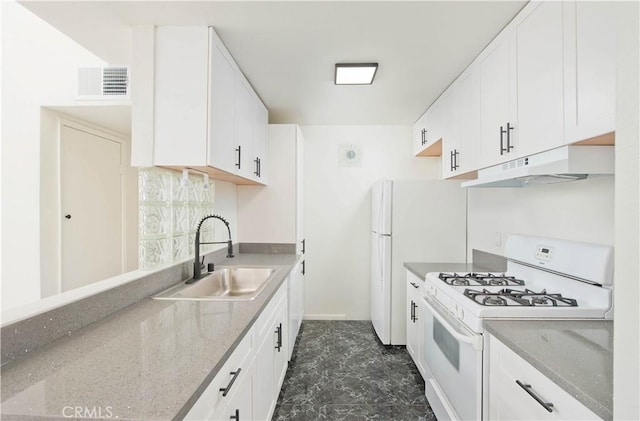 kitchen with sink, white cabinetry, light stone countertops, and white gas range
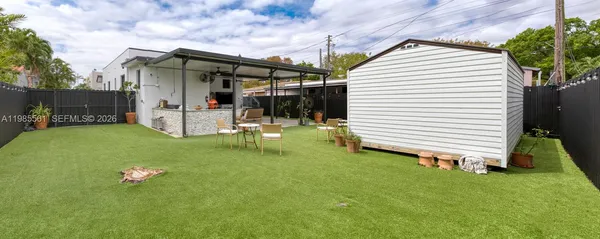 a backyard of a house with seating space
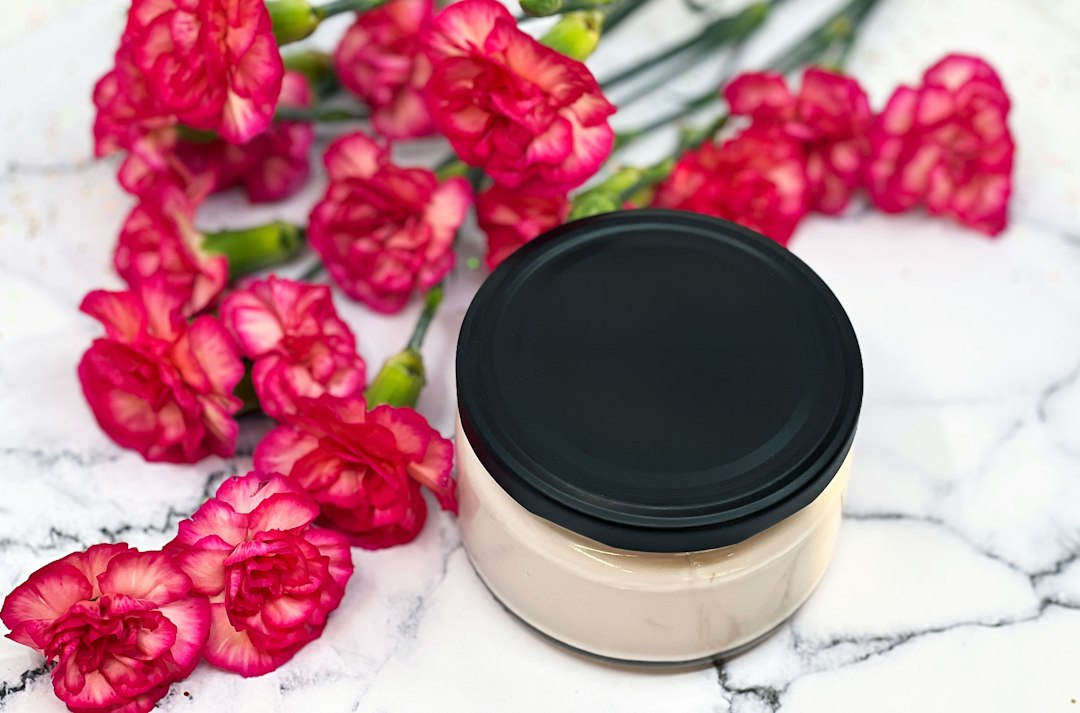 A cosmetic cream jar with a black lid arranged beside pink flowers on a marble surface.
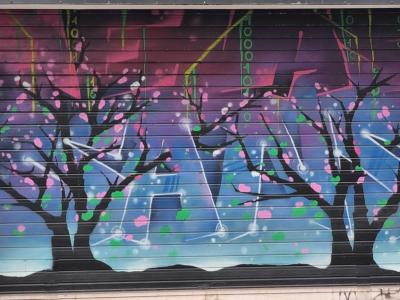 Black Trees with Colorful Flowers Digital Rain Mural — Street art in Grenoble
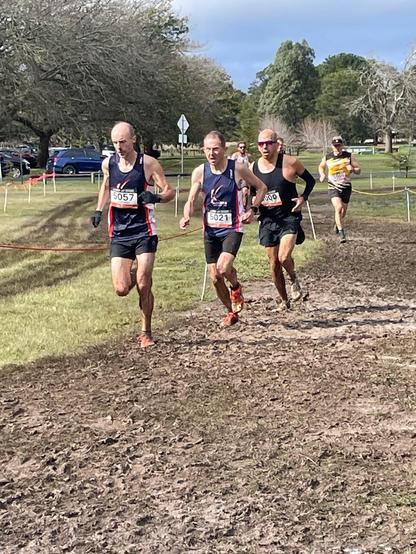 A group of runners in racing singlets and shorts run in a line along a muddy path.Trees and grass are visible in the background.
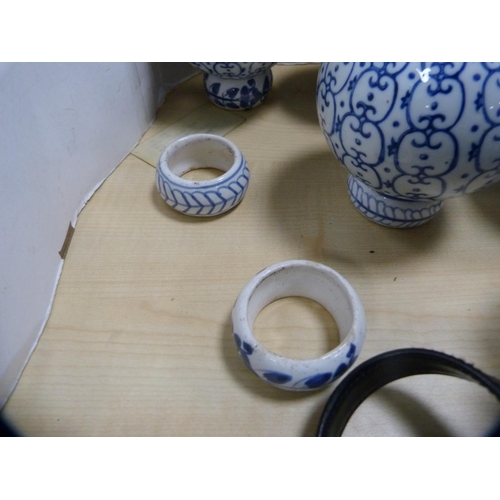 147 - Collection of eight blue and white ceramic bowls with napkin ring stands.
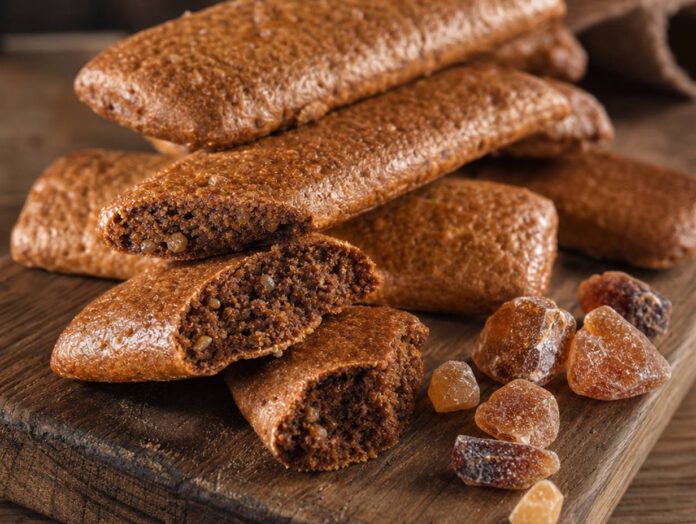 Gestapelte längliche braune Printen auf einem Holzbrett, mehrere gebrochen mit sichtbaren hellen Zuckerkristallen in der Krume, daneben brauner Kandiszucker
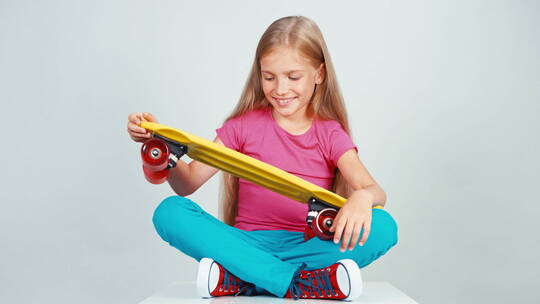 女孩抱着滑板坐在地板上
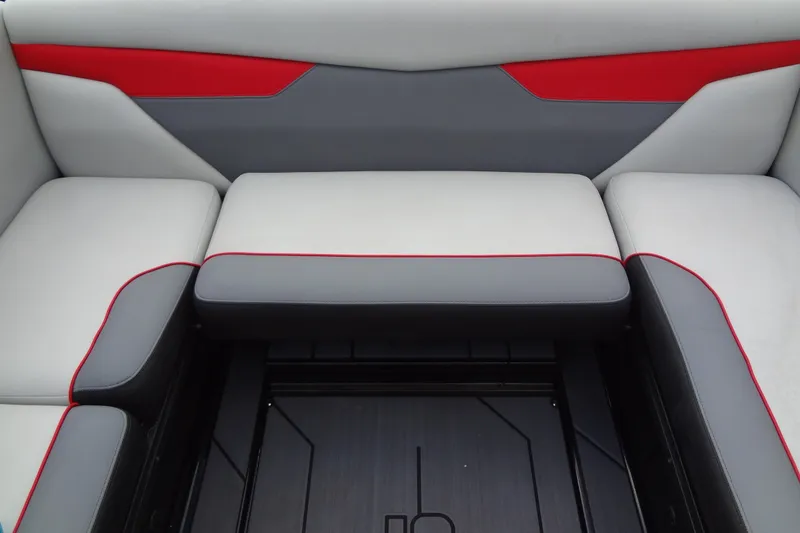 Slide: The Image of 2020 Axis A22 boat interior with gray and red cushioned seating. - 19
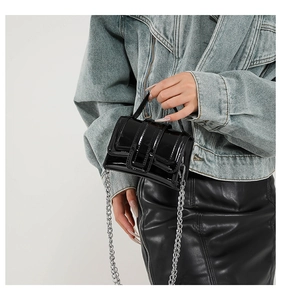 Détail du mini sac bandoulière en cuir verni noir brillant avec chaîne argentée
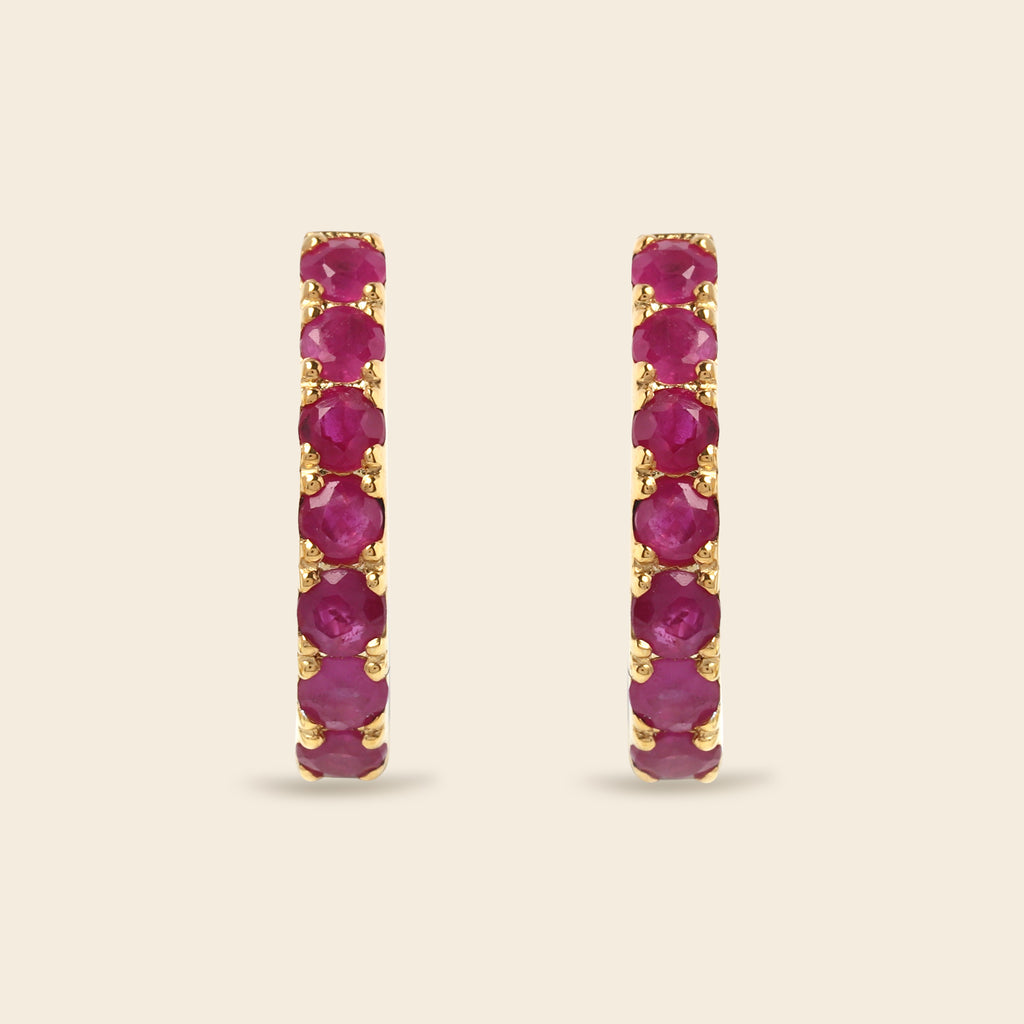 A pair of gold hoop earrings with a vertical channel setting of round-cut deep pinkish-red gemstones, set against a solid light beige background.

___

Print the material above exactly, skipping its images.

> Reply to the task:
 kitchen with sink, white cabinetry, light stone countertops, and white gas range
 a backyard of a house with seating space
 A cosmetic cream jar with a black lid arranged beside pink flowers on a marble surface.
 Black Trees with Colorful Flowers Digital Rain Mural — Street art in Grenoble
 A group of runners in racing singlets and shorts run in a line along a muddy path.Trees and grass are visible in the background.
 147 - Collection of eight blue and white ceramic bowls with napkin ring stands.
 Gestapelte längliche braune Printen auf einem Holzbrett, mehrere gebrochen mit sichtbaren hellen Zuckerkristallen in der Krume, daneben brauner Kandiszucker
 女孩抱着滑板坐在地板上
 Slide: The Image of 2020 Axis A22 boat interior with gray and red cushioned seating. - 19
 Détail du mini sac bandoulière en cuir verni noir brillant avec chaîne argentée
 A pair of gold hoop earrings with a vertical channel setting of round-cut deep pinkish-red gemstones, set against a solid light beige background.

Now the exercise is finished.